Input below:
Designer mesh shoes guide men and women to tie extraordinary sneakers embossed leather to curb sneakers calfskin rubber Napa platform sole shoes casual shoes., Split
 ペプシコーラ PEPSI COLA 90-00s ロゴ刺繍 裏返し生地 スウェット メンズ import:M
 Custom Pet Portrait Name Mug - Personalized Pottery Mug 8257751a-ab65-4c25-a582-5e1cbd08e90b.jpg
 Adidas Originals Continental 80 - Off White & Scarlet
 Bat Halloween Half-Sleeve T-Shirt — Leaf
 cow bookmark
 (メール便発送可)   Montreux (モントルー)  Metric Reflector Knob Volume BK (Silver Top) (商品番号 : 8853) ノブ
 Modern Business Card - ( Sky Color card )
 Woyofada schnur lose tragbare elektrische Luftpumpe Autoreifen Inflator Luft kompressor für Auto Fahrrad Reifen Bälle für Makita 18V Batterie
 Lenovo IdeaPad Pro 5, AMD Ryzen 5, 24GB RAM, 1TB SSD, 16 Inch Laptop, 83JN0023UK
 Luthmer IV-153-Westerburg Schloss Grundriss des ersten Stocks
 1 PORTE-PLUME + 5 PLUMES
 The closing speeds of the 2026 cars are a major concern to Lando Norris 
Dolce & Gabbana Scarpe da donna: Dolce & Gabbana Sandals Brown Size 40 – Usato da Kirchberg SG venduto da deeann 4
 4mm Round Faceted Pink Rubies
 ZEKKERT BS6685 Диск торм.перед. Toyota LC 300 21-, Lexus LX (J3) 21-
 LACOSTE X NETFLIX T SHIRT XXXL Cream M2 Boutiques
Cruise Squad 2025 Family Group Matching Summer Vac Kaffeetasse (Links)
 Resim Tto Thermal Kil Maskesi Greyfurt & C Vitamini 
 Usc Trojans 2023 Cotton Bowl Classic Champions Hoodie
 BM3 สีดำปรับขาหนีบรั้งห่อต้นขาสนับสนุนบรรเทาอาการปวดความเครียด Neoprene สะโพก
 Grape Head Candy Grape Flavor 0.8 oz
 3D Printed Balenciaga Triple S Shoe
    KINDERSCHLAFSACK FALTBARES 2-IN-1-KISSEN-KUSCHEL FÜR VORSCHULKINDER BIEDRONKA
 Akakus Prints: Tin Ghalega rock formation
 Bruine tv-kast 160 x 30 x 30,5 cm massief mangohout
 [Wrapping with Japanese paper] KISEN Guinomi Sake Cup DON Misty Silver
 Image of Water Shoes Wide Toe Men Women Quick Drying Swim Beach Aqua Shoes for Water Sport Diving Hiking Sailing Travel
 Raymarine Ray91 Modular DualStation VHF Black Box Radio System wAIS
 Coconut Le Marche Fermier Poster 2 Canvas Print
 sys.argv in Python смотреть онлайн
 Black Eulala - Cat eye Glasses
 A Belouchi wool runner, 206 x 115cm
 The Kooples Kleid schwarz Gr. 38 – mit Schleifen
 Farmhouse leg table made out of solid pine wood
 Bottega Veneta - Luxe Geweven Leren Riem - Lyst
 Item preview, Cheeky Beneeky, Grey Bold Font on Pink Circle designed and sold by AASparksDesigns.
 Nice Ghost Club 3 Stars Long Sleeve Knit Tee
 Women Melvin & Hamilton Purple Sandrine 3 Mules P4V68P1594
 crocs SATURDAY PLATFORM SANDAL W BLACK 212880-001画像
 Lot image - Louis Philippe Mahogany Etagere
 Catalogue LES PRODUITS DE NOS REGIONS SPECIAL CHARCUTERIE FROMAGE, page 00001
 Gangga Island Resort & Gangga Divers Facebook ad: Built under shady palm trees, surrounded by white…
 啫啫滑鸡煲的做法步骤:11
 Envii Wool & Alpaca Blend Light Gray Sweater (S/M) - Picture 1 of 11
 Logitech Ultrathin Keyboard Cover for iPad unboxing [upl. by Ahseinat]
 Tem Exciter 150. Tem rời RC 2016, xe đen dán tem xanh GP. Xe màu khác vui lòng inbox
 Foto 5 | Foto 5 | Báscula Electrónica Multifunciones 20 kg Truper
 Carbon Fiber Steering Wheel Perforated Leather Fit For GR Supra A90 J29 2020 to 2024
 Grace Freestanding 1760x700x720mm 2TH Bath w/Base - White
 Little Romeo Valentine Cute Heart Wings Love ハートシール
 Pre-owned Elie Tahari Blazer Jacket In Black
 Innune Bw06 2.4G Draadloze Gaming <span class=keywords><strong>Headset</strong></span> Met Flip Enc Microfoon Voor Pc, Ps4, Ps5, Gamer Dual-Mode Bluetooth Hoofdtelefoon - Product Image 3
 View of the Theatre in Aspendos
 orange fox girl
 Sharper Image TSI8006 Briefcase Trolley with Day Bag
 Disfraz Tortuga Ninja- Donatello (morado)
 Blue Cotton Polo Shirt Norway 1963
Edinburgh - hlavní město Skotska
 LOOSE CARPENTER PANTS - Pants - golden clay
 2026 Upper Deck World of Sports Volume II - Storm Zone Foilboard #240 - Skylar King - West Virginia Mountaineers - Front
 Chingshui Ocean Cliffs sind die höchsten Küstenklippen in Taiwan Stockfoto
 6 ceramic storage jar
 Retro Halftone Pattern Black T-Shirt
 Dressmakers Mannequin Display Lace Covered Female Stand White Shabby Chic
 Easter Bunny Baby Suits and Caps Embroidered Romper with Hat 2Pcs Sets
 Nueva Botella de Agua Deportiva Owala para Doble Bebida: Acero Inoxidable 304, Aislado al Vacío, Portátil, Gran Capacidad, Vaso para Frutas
End of Input.
Output should match, line for line, the stretch of the material above from the line holding "Catalogue LES PRODUITS" through the line holding "Innune Bw06 2.4G".

Written reply —
 Catalogue LES PRODUITS DE NOS REGIONS SPECIAL CHARCUTERIE FROMAGE, page 00001
 Gangga Island Resort & Gangga Divers Facebook ad: Built under shady palm trees, surrounded by white…
 啫啫滑鸡煲的做法步骤:11
 Envii Wool & Alpaca Blend Light Gray Sweater (S/M) - Picture 1 of 11
 Logitech Ultrathin Keyboard Cover for iPad unboxing [upl. by Ahseinat]
 Tem Exciter 150. Tem rời RC 2016, xe đen dán tem xanh GP. Xe màu khác vui lòng inbox
 Foto 5 | Foto 5 | Báscula Electrónica Multifunciones 20 kg Truper
 Carbon Fiber Steering Wheel Perforated Leather Fit For GR Supra A90 J29 2020 to 2024
 Grace Freestanding 1760x700x720mm 2TH Bath w/Base - White
 Little Romeo Valentine Cute Heart Wings Love ハートシール
 Pre-owned Elie Tahari Blazer Jacket In Black
 Innune Bw06 2.4G Draadloze Gaming <span class=keywords><strong>Headset</strong></span> Met Flip Enc Microfoon Voor Pc, Ps4, Ps5, Gamer Dual-Mode Bluetooth Hoofdtelefoon - Product Image 3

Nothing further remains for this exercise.